DeLay Blames 'Politics of Personal Destruction'

Shock waves have reverberated throughout Capitol Hill since Rep. Tom DeLay, R-Texas, announced his resignation from Congress.

The former House majority leader said he was stepping aside because polls showed he could lose his bid for re-election even though his district is decidedly Republican. Recently, DeLay has been embroiled in scandal, most namely, the Jack Abramoff money-laundering investigation.

Last week, DeLay's former deputy chief of staff, Tony Rudy, pleaded guilty to conspiracy and corruption charges, admitting to having sold influence to the lobbyist, who earlier had pleaded guilty to charges of conspiring to corrupt public officials.

DeLay has not been charged with any crime related to the case.
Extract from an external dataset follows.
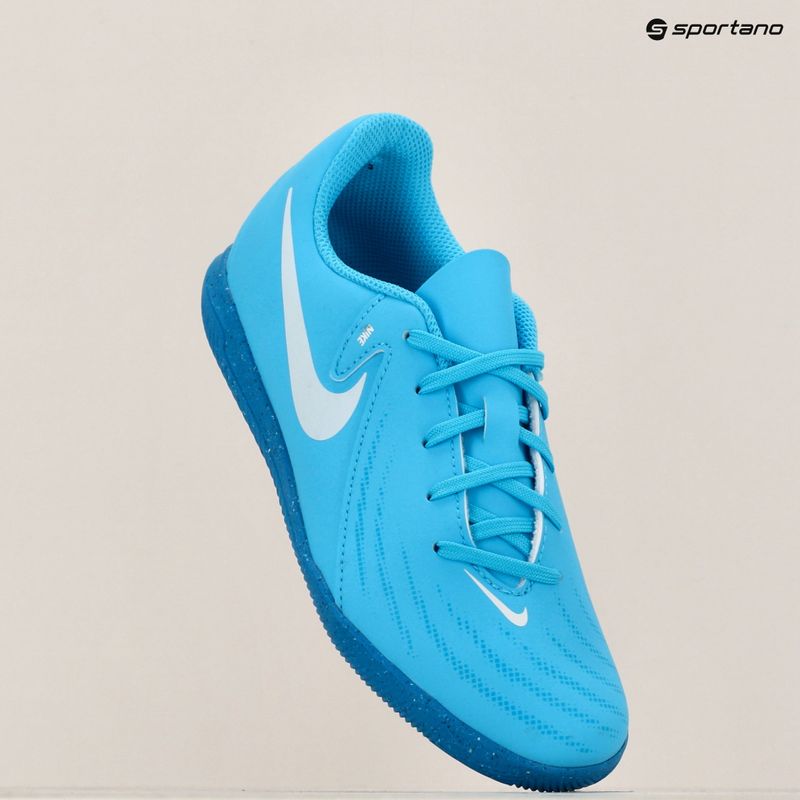 Детски футболни обувки Nike Phantom GX II Club IC blue fury/white 9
"Look I've had, I've hired lawyers to investigate me as if they were prosecuting me," said DeLay who will turn 59 on Saturday. "They spent all fall, four months looking at everything I had done over the last 21 years and they have found nothing. We have always tried to be honorable in our service, ethical in our service, and we've been passionate about what we believe in, but we've never done anything wrong."

DeLay said there was a "zero" chance that he would be indicted.

In September 2005, a Texas grand jury indicted DeLay on charges of breaking campaign finance laws, and he resigned as House majority leader.

DeLay said that he had decided not to seek re-election because the campaign had become a referendum on him, not on ideas. Although he vanquished Republican opponents in the primary, polls showed him in a dead heat with his Democratic opponent, and DeLay feared that his seat could go to the Democrats.

"It shows you that the politics of personal destruction and character assassination takes its toll," he said to ABC News' George Stephanopoulos. "I've been going through this for 10 years, and after 10 years, particularly … being indicted on laws that don't exist. It takes its toll."

DeLay's redistricting plan may be part of the reason he fears he could lose the race. He helped shore up neighboring districts for Republicans at the expense of his own 22nd district, which had voted 64 percent for Bush. It is now thought to be only 55 percent Republican. Even with DeLay out of the picture, the fight for the seat could be competitive.

DeLay said he had been told by prosecutors that he was not the subject of the Abramoff investigation, even though he is generally believed to be "Representative #2" named by Rudy. DeLay said he was simply not aware of some of his staff's illegal activities.

"It's very easy not to know," he said. "You've been around here. You've worked on the Hill. You know that a leader's office is a whirlwind all day long. And you have to trust the people that work for you."

For now, DeLay said he was getting over his disappointment and hurt by turning to his Christian faith.

"I have the grace of the Lord with me every day, all day long," he said. "That is why I am totally at peace with this decision. I have a sense of joy about it because I walk with the Lord. He guides me and so I haven't fallen from his grace. … Probably right now, the one I struggle with the most is loving your enemies. I'm working on it."